### What you are asked to do
Filter the records below for the word "moda". Copy each line that holds it.

### Entries supplied
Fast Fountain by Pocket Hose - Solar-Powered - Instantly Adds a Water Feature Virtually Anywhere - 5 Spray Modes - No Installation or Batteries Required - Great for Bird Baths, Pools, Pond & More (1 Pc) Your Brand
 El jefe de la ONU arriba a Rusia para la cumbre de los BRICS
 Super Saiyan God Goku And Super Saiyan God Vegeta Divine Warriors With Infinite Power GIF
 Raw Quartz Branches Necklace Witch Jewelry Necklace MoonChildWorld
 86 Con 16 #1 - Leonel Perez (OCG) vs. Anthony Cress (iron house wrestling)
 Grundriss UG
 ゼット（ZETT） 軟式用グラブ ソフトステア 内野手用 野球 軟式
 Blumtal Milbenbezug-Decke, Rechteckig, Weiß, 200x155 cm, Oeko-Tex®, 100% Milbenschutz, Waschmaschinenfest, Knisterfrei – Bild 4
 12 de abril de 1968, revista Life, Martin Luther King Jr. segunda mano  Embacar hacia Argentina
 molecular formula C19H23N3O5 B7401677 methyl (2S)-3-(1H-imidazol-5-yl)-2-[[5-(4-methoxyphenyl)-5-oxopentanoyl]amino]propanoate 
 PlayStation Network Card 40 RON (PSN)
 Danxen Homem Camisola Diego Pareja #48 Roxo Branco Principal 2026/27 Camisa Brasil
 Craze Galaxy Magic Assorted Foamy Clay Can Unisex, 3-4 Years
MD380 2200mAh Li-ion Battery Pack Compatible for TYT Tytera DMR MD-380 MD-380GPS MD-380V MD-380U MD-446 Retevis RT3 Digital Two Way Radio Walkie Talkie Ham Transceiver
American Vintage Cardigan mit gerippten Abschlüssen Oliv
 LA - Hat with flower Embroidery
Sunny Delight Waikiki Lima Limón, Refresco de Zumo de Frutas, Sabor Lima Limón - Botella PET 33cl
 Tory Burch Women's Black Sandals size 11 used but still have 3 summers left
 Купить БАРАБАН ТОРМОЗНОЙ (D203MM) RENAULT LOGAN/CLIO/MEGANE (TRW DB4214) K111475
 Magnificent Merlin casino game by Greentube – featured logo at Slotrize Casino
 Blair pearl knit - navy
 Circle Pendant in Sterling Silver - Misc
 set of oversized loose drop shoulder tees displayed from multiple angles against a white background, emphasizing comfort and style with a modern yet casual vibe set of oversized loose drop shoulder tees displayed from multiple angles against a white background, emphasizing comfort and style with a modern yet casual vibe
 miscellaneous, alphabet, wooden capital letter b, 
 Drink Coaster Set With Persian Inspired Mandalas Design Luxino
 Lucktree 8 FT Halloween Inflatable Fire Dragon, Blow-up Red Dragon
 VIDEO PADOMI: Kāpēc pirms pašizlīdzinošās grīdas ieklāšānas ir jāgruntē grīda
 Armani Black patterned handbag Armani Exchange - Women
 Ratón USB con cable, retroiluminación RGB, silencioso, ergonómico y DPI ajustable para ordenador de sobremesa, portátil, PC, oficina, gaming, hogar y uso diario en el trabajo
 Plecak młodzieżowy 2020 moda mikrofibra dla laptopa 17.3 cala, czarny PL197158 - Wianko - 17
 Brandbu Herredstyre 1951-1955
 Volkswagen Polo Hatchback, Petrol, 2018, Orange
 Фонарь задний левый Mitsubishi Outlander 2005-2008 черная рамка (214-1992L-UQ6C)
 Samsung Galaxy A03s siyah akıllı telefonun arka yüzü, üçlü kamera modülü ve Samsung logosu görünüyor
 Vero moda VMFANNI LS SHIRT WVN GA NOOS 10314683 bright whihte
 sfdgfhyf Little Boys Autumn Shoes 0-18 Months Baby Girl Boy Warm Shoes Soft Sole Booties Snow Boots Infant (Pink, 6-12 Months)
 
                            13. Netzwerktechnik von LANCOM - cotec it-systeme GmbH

### Finished exercise
 Plecak młodzieżowy 2020 moda mikrofibra dla laptopa 17.3 cala, czarny PL197158 - Wianko - 17
 Vero moda VMFANNI LS SHIRT WVN GA NOOS 10314683 bright whihte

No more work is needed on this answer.